As written in book: 
> _"The birds flevv south"_

Corrected text:
> _"The birds flew south"_

### How OCRfixr Works:
OCRfixr fixes misreads by checking __1) possible spell corrections__ against the __2) local context__ of the word. For example, here's how OCRfixr would evaluate the following OCR mistake:

As written in book: 
> _"Days there were when small trade came to the __stoie__. Then the young clerk read._"

| Method | Plausible Replacements |
| --------------- | --------------- | 
| Spellcheck (symspellpy) | stone, __store__, stoke, stove, stowe, stole, soie |
| Context (BERT) | market, shop, town, city, __store__, table, village, door, light, markets, surface, place, window, docks, area |

Since there is match for both a plausible spellcheck replacement and that word reasonably matches the context of the sentence, OCRfixr updates the word. 

Corrected text:
> _"Days there were when small trade came to the __store__. Then the young clerk read._"

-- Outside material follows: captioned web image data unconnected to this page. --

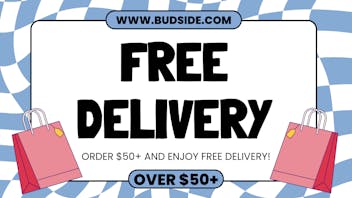 Budside Cannabis - Delivery FREE DELIVERY OVER $50+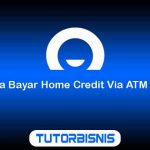 cara bayar Home Credit via ATM BNI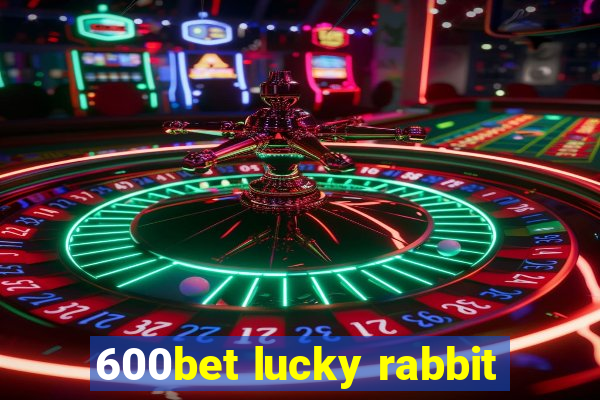 600bet lucky rabbit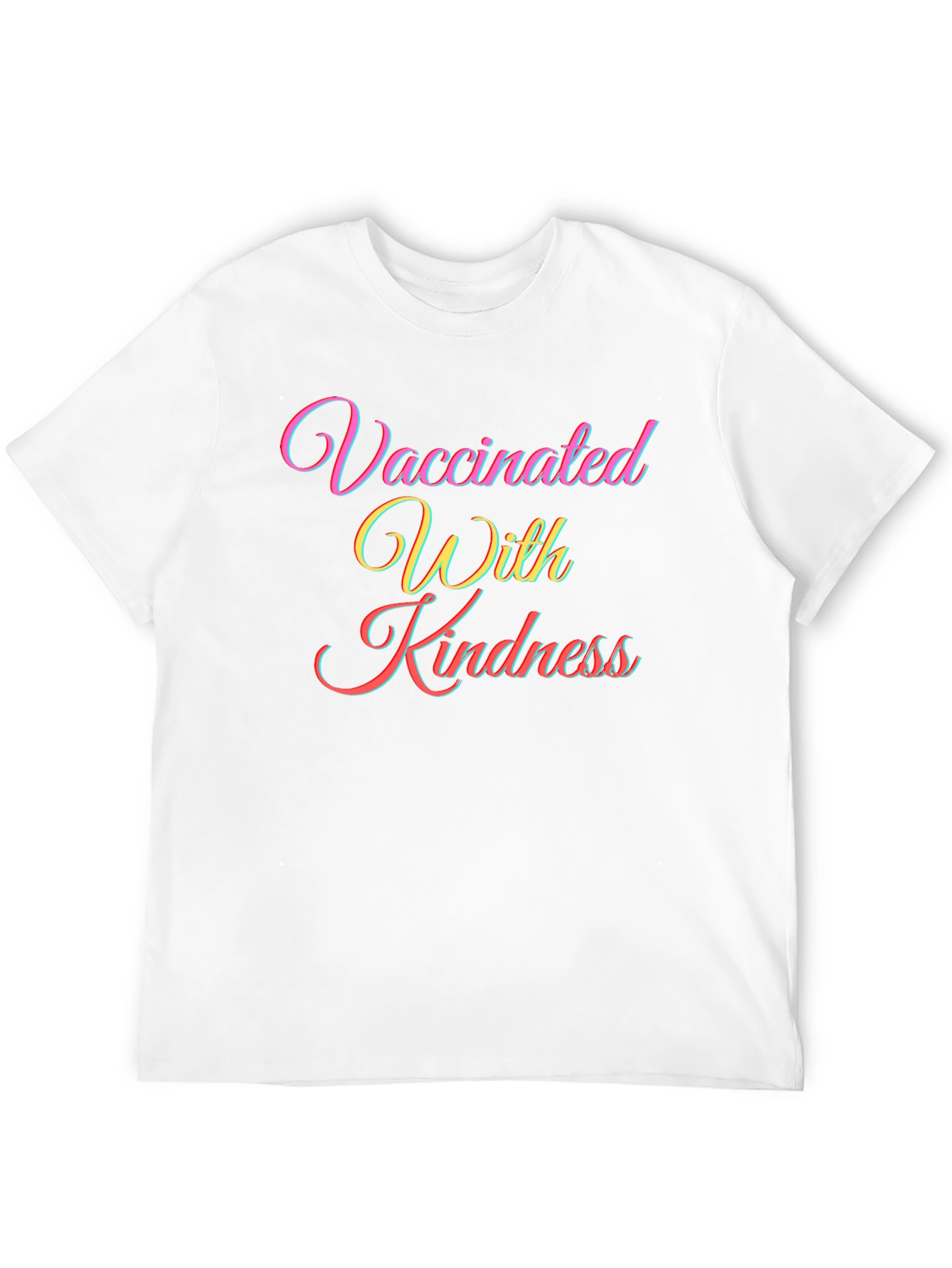 Vaccinated With Kindness T-Shirt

For very common scanning errors where it is clear what the word should have been (ex: 'onlv' --> 'only'), OCRfixr skips the context check and relies solely on a static mapping of common corrections. This helps to maximize the number of successful edits \& decrease compute time. (You can disable this by setting common_scannos to "F").

### Using OCRfixr

The package can be installed using [pip](https://pypi.org/project/OCRfixr/).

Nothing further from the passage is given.